Figure 28a,b allows to understand that if solubility is calculated with tangent method, tantalum addition favours solubility, differently from what observed when calculating the solubility by secant method.

In Figure 29a it is possible to notice an opposite behaviour of hydrogen solubility with temperature than the one showed in Figure 29b. However, both the figures point out that, at high pressure, solubility is almost independent of temperature. This can indicate that non-activated processes control the hydrogen dissolution in the metal lattice like, for example, morphology modifications due to high pressure.

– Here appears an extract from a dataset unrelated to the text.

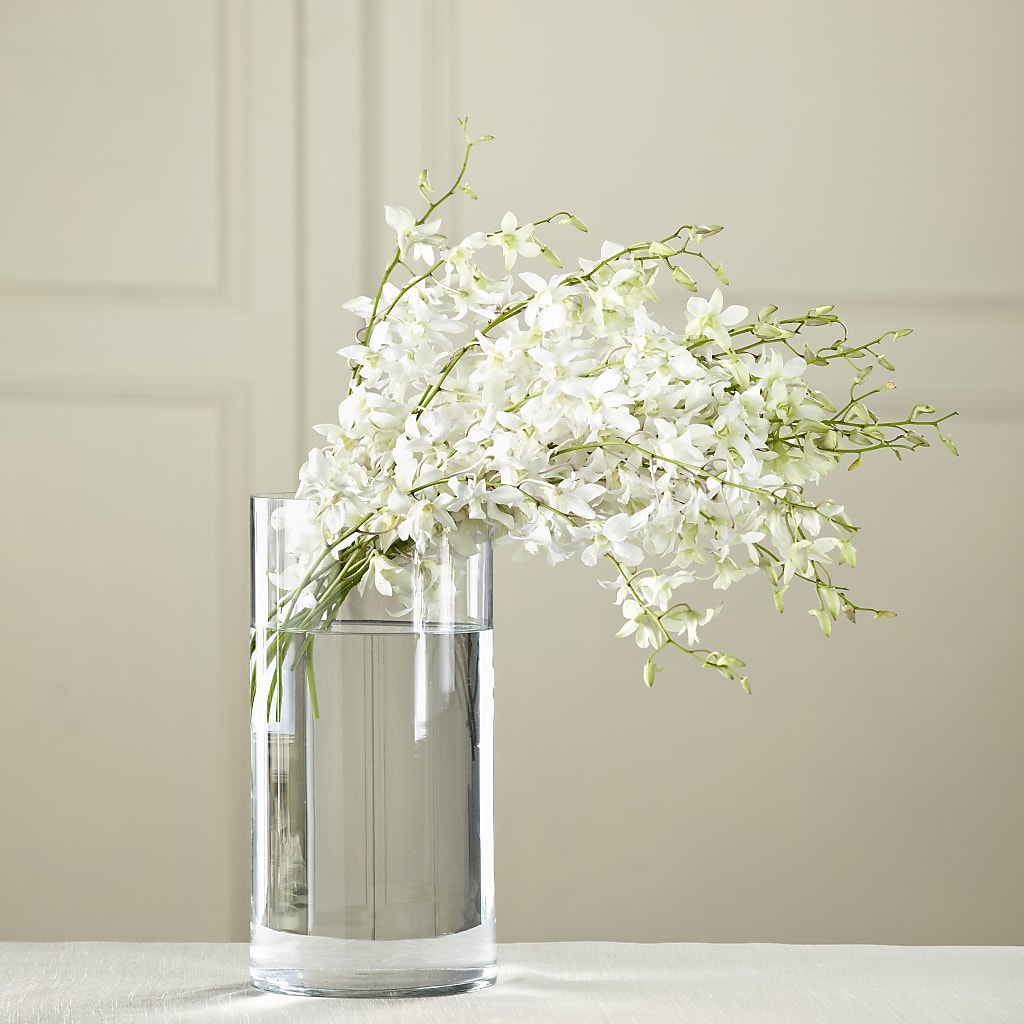 White Dendrobium Bouquet – House Of Flowers, Worcester MA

An increasing amount of Zr in the amorphous alloyed membranes disfavours hydrogen solubility. The presented data do not make it possible to analyse the effect of boron. This is due to the fact that the value of solubility for the B-containing alloy is available at a different temperature and, thus, is the combination of both temperature and composition effect (Figure 30).

6.6. Liquid-Gallium Membranes

This section contain data about hydrogen solubility in liquid gallium. In this case it was calculated only by secant method, because there is not a solid structure to take into account. Figure 31 shows that hydrogen solubility, in liquid gallium membranes, decreases as temperature increases.

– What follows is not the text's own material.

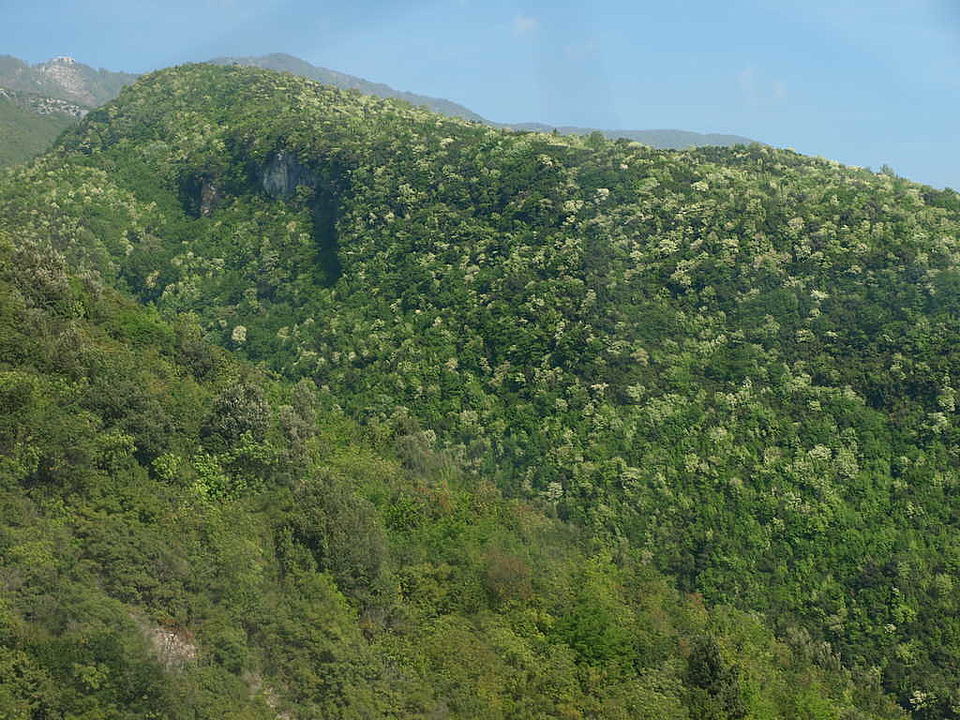 Orienthainbuchen-Flaumeichenwälder im Blühaspekt von Fraxinus ornus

Among all the materials investigated, the ternary alloy Nb-Ti-Co appears to exhibit the most favou able behaviour in terms of differential solubility under the tested operating conditions. However, solubility alone is not sufficient to determine the most suitable alloy for metal membrane fabrication. Furthermore, the choice of alloy should ultimately be guided by the specific requirements of the intended application.

7. Conclusions

This work was devoted to a comprehensive analysis of hydrogen solubility in the most common metal-alloys membranes: palladium-based, vanadium-based, niobium-based, tantalum-based, amorphous alloys and liquid gallium, highlighting advantages and disadvantages of each material. In particular, we started from the consideration that solubility in the literature is defined—and, thus, calculated—by two different ways, here referring to as: (i) “secant method”, consisting in calculating the solubility as the hydrogen pressure corresponding to a certain sorbed hydrogen loading, and (ii) “tangent method”, based on which differential solubility is evaluated as the derivative of the sorption isotherm in each point of the curve.

Subsequently, a number of experimental data were collected for several metal alloys, reprocessing them to evaluate the two types of solubilities. This enabled comparing and analysing the behaviour of the material investigated under different conditions of temperature, pressure and alloy composition.

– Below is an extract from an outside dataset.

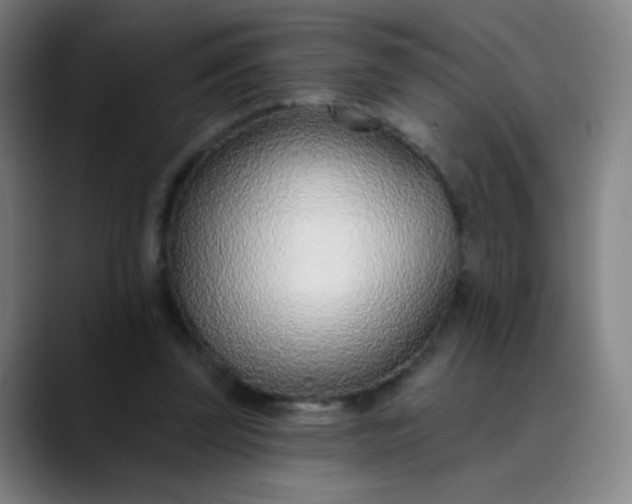 X0000089860347200707121740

The re-elaboration presented in this study helps identify the most suitable materials and membranes for hydrogen separation or storage, as well as helps recognise the maximum degree of embrittlement due to hydrogen content in the metal lattice.

Finally, the recent research has proven that promising membranes are represented by the “sandwich” one made of liquid gallium, which are not subjected to embrittlement and, at the same time, show higher performances.